ラジオやテレビの音声だけではニュースそのものは情報として伝わらない。文字、あるいはデータにして残るというところを踏まえれば、文字情報としての新聞は無くならないと思う。
与那覇 新聞はテレビと違い、自分で読まなければいけない。新聞のニュースは前日にテレビで見て知っていることも多いが、もう一度新聞で読むことで頭にしっかりと入る。
個人的には新聞は好き。周囲の高校生も読んでいる人は多い。将来もずっと読み続けていきたい。
下地 島が島であり続けるためには、私たちに何ができるかを考えないといけない。新聞の力は大きい。しかし、完全には無くならないにしても確実に縮小されていくと思う。
音楽にしてもレコード会社は無くならないが、縮小されているという現状がある。配達制度が無くなって、新聞はすべてコンビニで買って読むとか、そういった時代が来るかもしれない。
ローカルはパワーという気持ちを持ちながらいかにして地域密着型の紙面を作るか。どこまで深く追究していくかがカギだと思う。



-記事だけではなく、広告についての意見を
濱元 新しいお店がオープンするとかイベントへの集客をどうするかを考えた場合、宮古島の媒体としては新聞はまだまだ強い。
しかし、従来までと同じような広告のスタイルしかないというのはもったいない気がする。
間口を広くするだけでもすごい情報が入ってくる。これが人を動かす熱にもなる。そうすれば広告料も増えて、紙面作りにも反映できる。まだまだ新聞は情報の中心。それが続いているうちに、もっともっと強くなることを望みたい。
小山 新聞に載ると必ず周囲から「載っていたねー」などと言われる。広告は、どこどこにお店が開店したとか載ると、やはり行きます。



-ほかに要望は?
濱元 宮古の新聞は誤字脱字が多いと思う。学生も新聞は読んでおり、誤字脱字で覚えられてしまうと困る。
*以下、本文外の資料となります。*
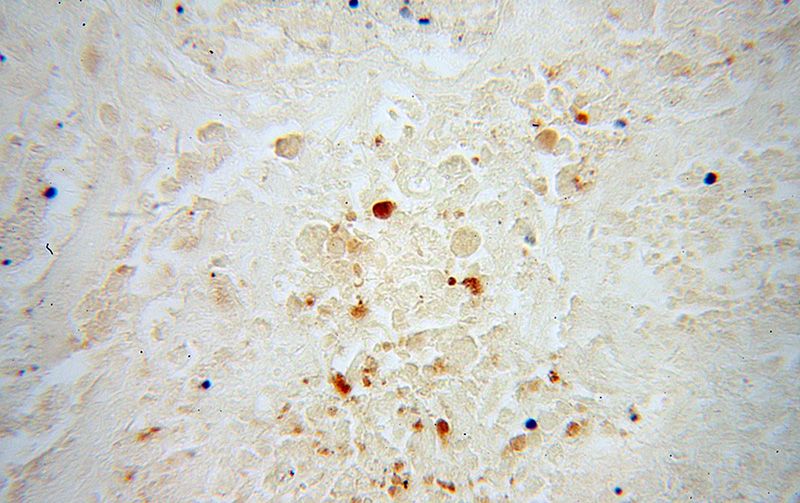 Immunohistochemical of paraffin-embedded human osteosarcoma using Catalog No:117146(BIN1 antibody) at dilution of 1:100 (under 40x lens)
チェックはきちんとしてほしい。
渡久山「ひろば」のページはよく目を通すが、そこに掲載するのはいろいろな制限があるようだ。もっと間口を広くすれば読者とのコミュニケーションが生まれると思う。
小山 事件、事故などの実名報道は、知り合いが多い土地柄難しいと思う。ただ匿名でもどこの誰々というのは何となく分かる場合がある。そこが本土とは違うところで、難しいところだと思う。
下地 記事に専門用語が出てくる場合があるが、その解説をしてほしい。「スツウプナカ」の解説を明記すればより地元が分かる。
記者は分かっているものと思って書いているはずだが、意外と読者は分からないもの。
また難しい漢字にはルビを振っていただけるとありがたい。
上地 宮古毎日新聞は、地元の話題ばかりではなく、中央のニュースもよく掲載しているので、一紙で事足りていることもある。
県紙を購読しているのは、ほかの市町村のことが分かるから。例えば、家庭菜園では、どこどこに何が栽培されているとか、季節の果物が収穫されたとか、地方のさまざまな情報を知ることが一つの楽しみとなっている。